Como estava pisando em terreno desconhecido escolheu um vinho que tomara diversas vezes.

Vestido vermelho foi o que aconselhou a amiga. Péssimo. Preto, depois azul. Voltou ao vermelho. Meia, salto, expectativa, documentos, bolsa.
Uma última olhada no espelho.

Se tivesse mais tempo mudaria de roupa, mas o táxi a esperava.
Respirou fundo antes de apertar o botão do interfone. Tentou parecer calma.

“É a Betty”

Primeiro andar, segundo, quinto. Sentia-se como uma colegial e detestava se sentir assim, afinal já estava bem crescidinha. Apertou a garrafa de vinho entre as mãos.
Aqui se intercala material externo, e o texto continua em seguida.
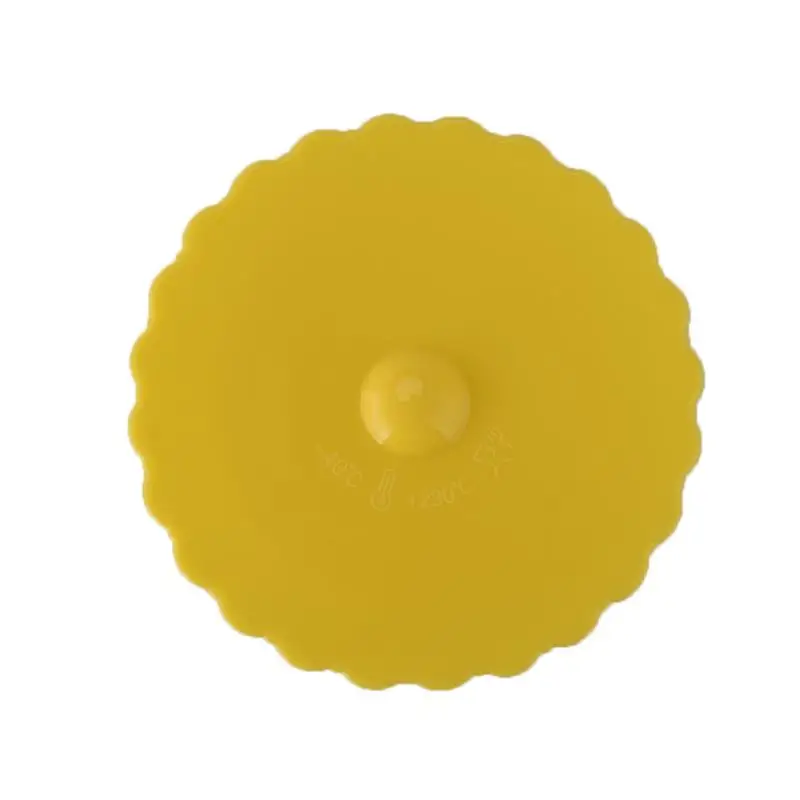 Cute Water Drinking Cup Lid Silicone Antidust Bowl Cover Cup Seals Glass Heat Resistant Tea Cup Lids Diameter 10cm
A porta já estava aberta e ele a esperava.
Teve vontade de correr, voltar atrás, rebobinar sua vida até o momento em que tinha aceitado o convite.

“Você está linda”

Ele era um cavalheiro. Um dos poucos que conhecera.
Não era um garoto, nem se parecia com seu último e decepcionante relacionamento.

Viu sobre a mesa outra garrafa.
Sabia que aquele era o vinho preferido dele.
Sentiu-se mais relaxada. Agora sabia que nenhum dos dois tinha certeza do que poderia acontecer.